The pathophysiology of
ovarian hyperstimulation syndrome (OHSS) remains unclear. Several lines of evidence indicate that OHSS is associated with a stimulation of the renin-angiotensin system (RAS), but its functional significance as well as its role in the pathogenesis of the syndrome are not yet determined. OHSS is associated with high plasma and ascitic concentrations of total
renin,
renin activity (RA) and
angiotensin II (Ang II). Their ovarian or renal origin is, however, still a matter of debate. To clarify these issues further, total
renin, active
renin,
prorenin, RA and
aldosterone were measured in plasma and
ascites of nine patients who developed severe OHSS after in-vitro fertilization. Blood and
ascites were sampled simultaneously during therapeutic paracentesis. Total
renin and
prorenin concentrations were significantly higher in the
ascites (mean concentration +/- SE respectively of 5920 +/- 1430 mIU/l and 5250 +/- 1350 mIU/l) than in the plasma (respectively 3060 +/- 740 mIU/l and 2000 +/- 460 mIU/l) (P = 0.020 and 0.017 respectively). Conversely, active
renin and RA concentrations tended to be lower, although not statistically significantly so in the
ascites (respectively 670 +/- 190 mIU/l and 47 +/- 11 ng Ang I/ml/h) than in the plasma (respectively 1060 +/- 370 mIU/l and 75 +/- 21 ng Ang I/ml/h).
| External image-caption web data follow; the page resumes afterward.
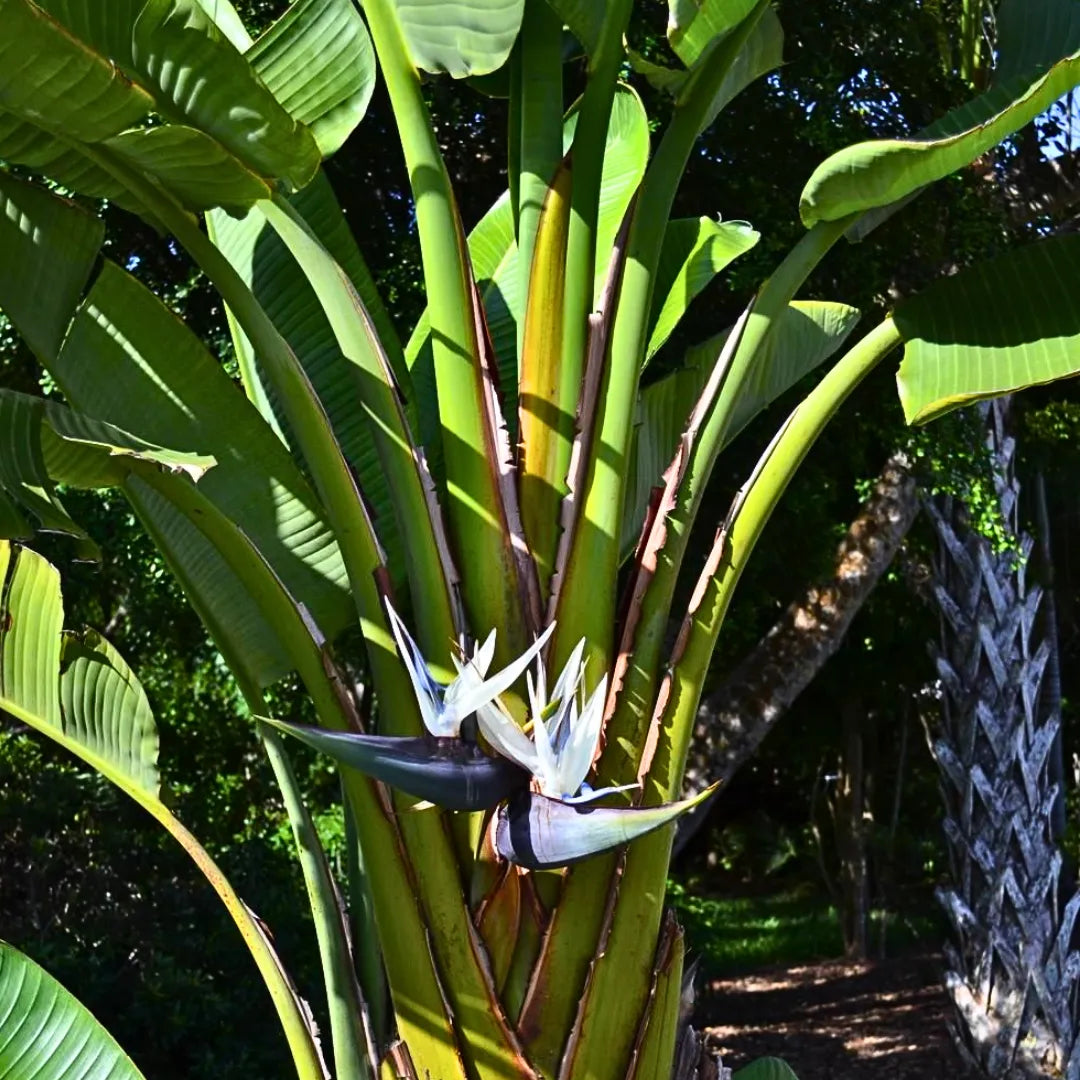 Buy White Strelitzia Nicolai - Plant Online at Lalitenterprise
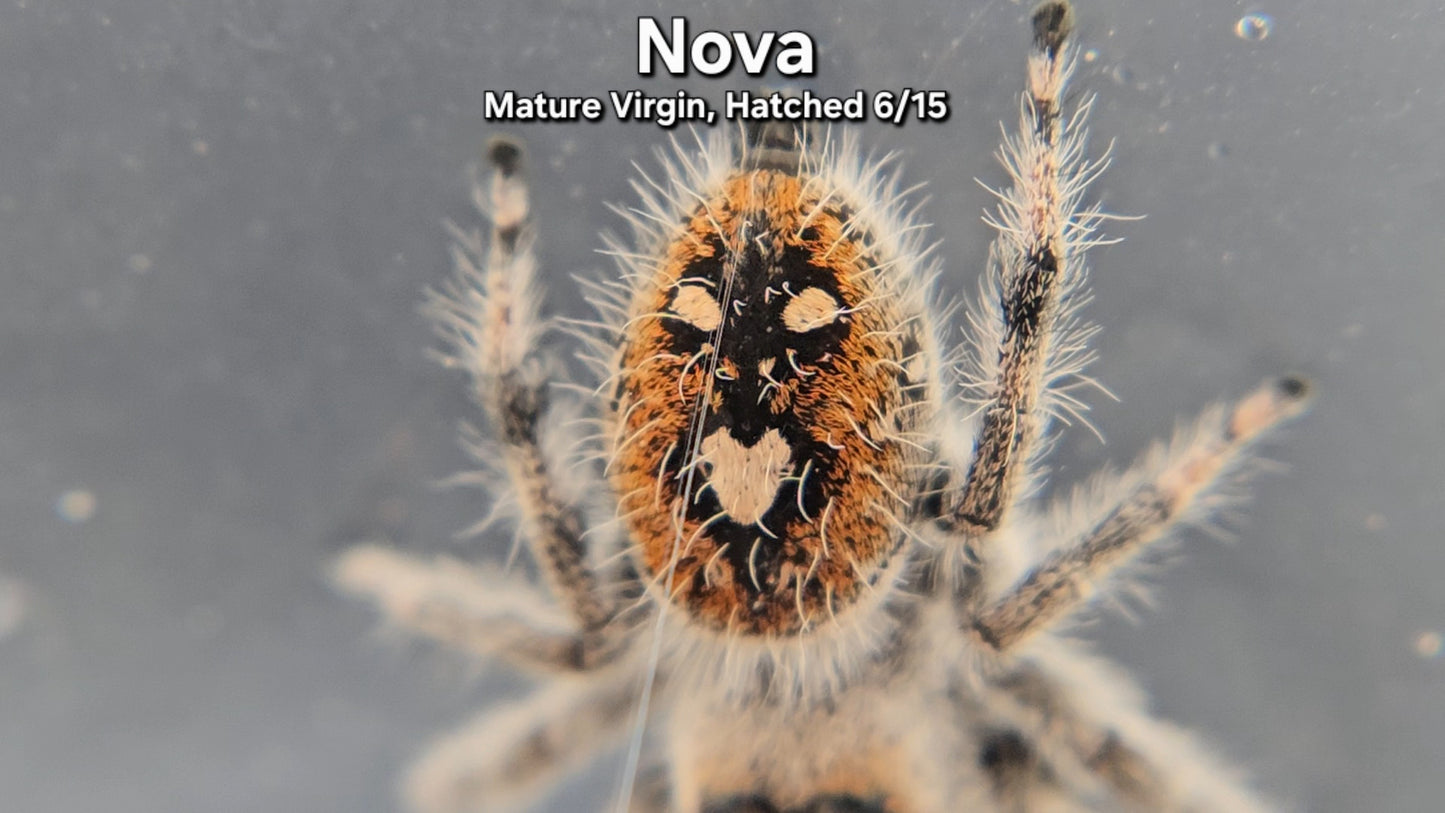 "Nova" Female Regal - Mature Virgin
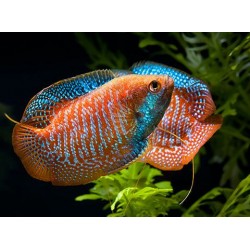 Colisa Lalia Singapour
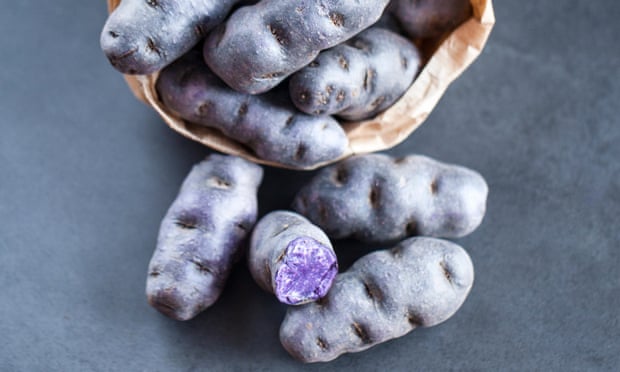 The colour purple: the Vitelotte variety of gourmet French blue-violet potato.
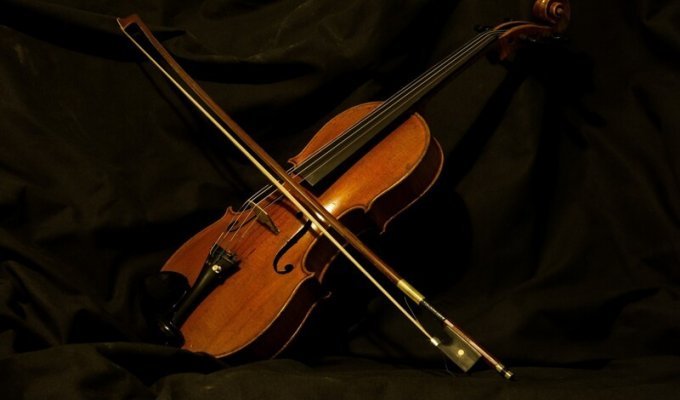 Скрипка (1 фото)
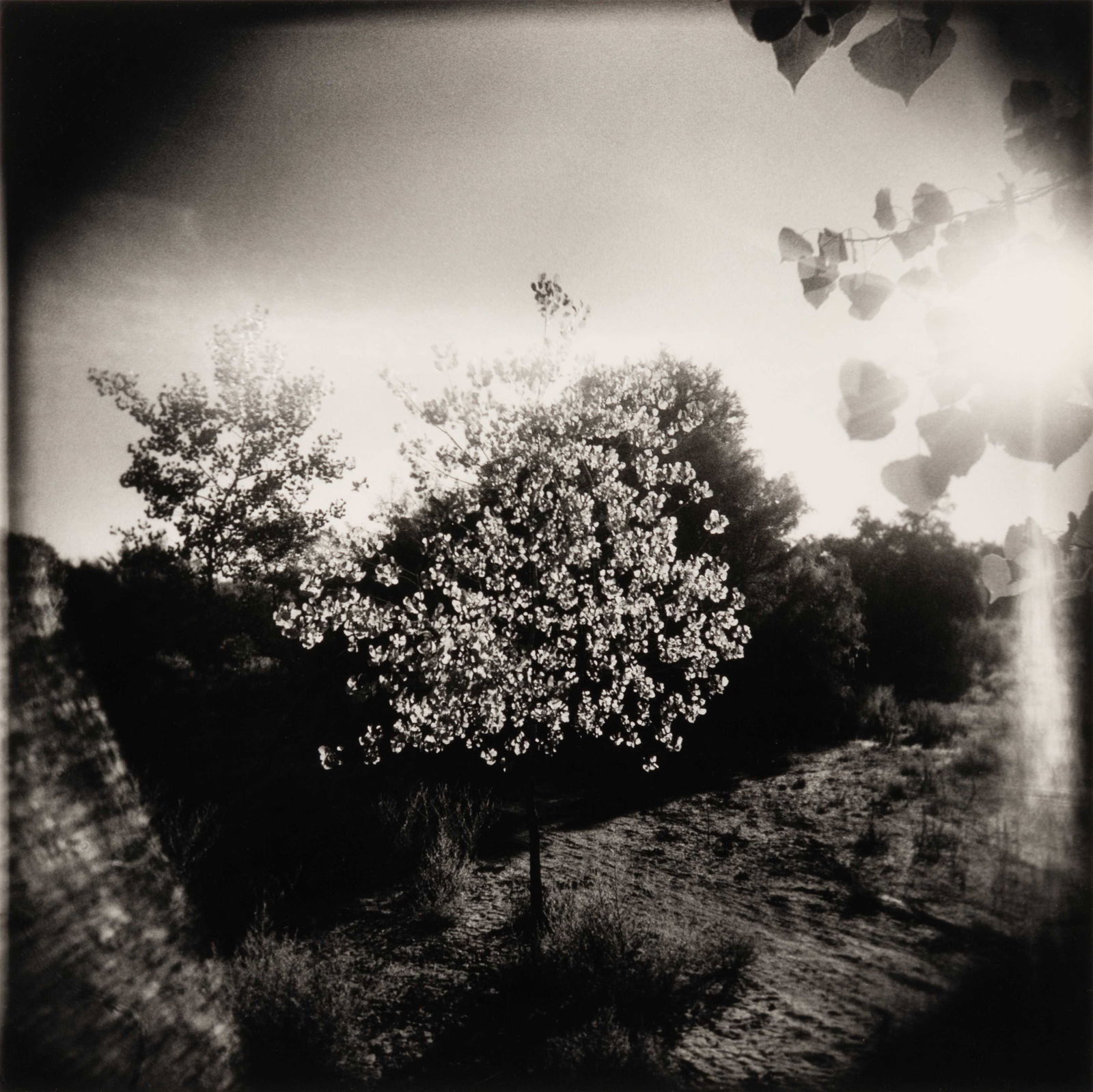 Arthur Lazar (American, b. 1940) Flowering Tree and (1 of 4)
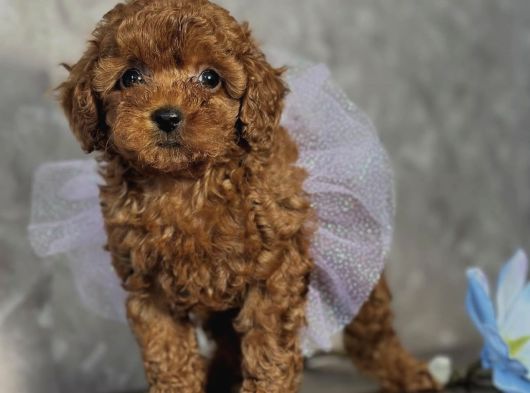 Safkan Toy Poodle Bebekler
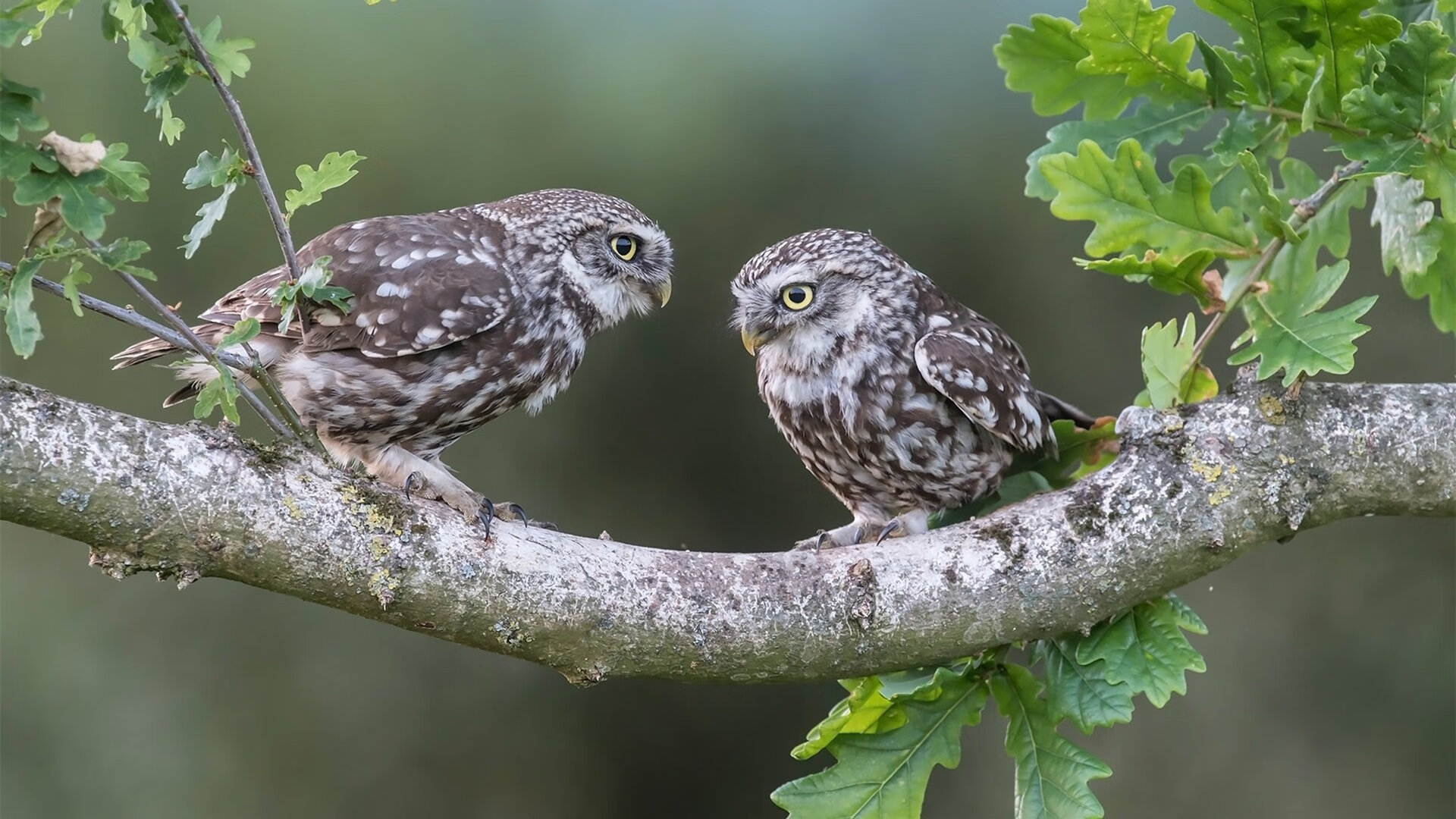 奇迹之夜,塞维利亚绝境翻盘爱尔兰,莱奥一己之力改写历史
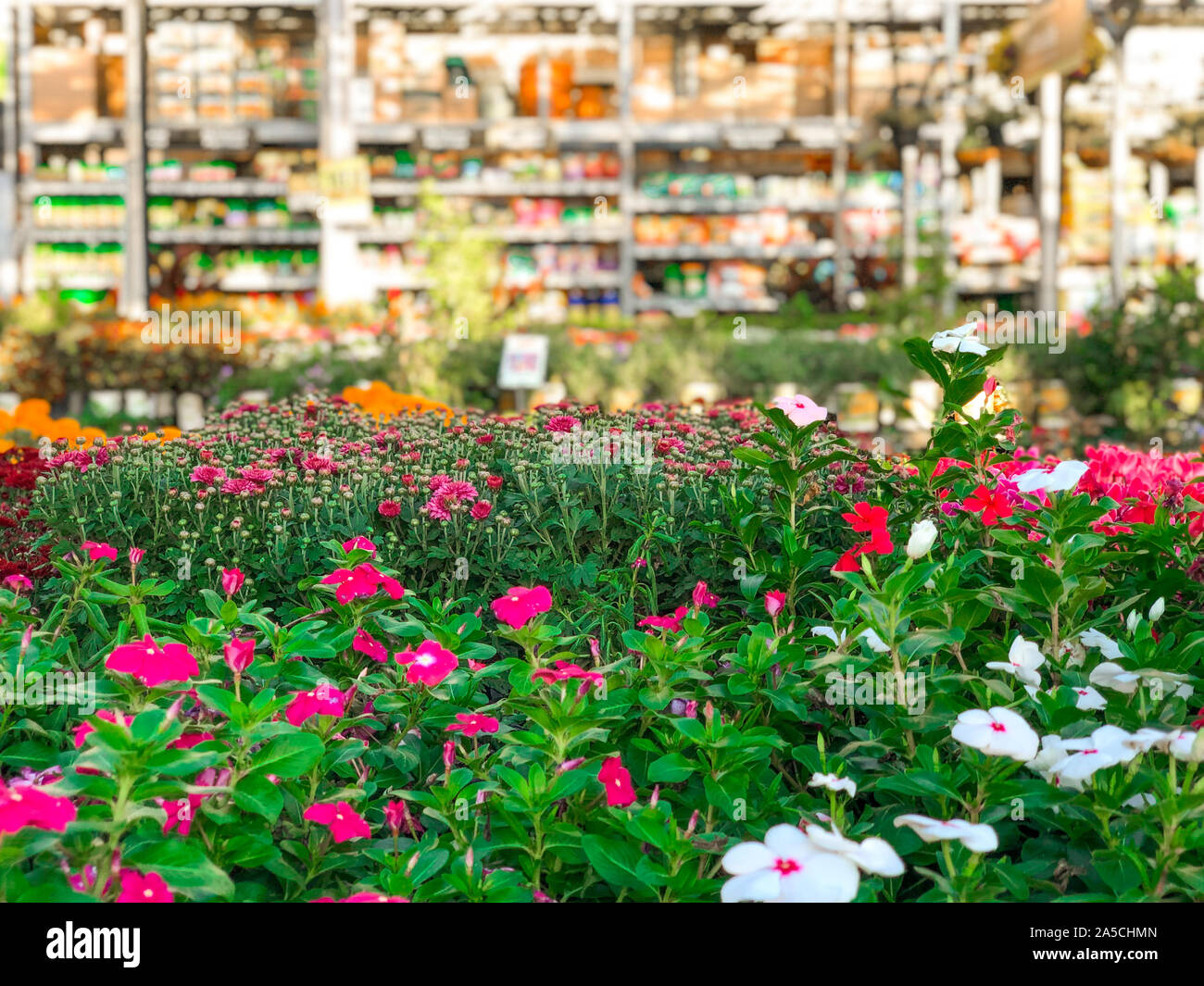 Rows Of Colorful Flowers And Plants For Sale At A Garden Nursery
Aldosterone concentrations were significantly higher in the serum (2609 +/- 374 pg/ml) than in the
ascites (2025 +/- 347 pg/ml) (P = 0.015). The concentration gradient between plasma and
ascites for total
renin and
prorenin supports the hypothesis of their ovarian origin in
ascites and, to a large extent, in plasma, while it is likely that the high plasma active
renin and RA concentrations reflect a peripheral activation of the RAS. In conclusion, the present findings are consistent with a marked stimulation of both ovarian and renal RAS during OHSS.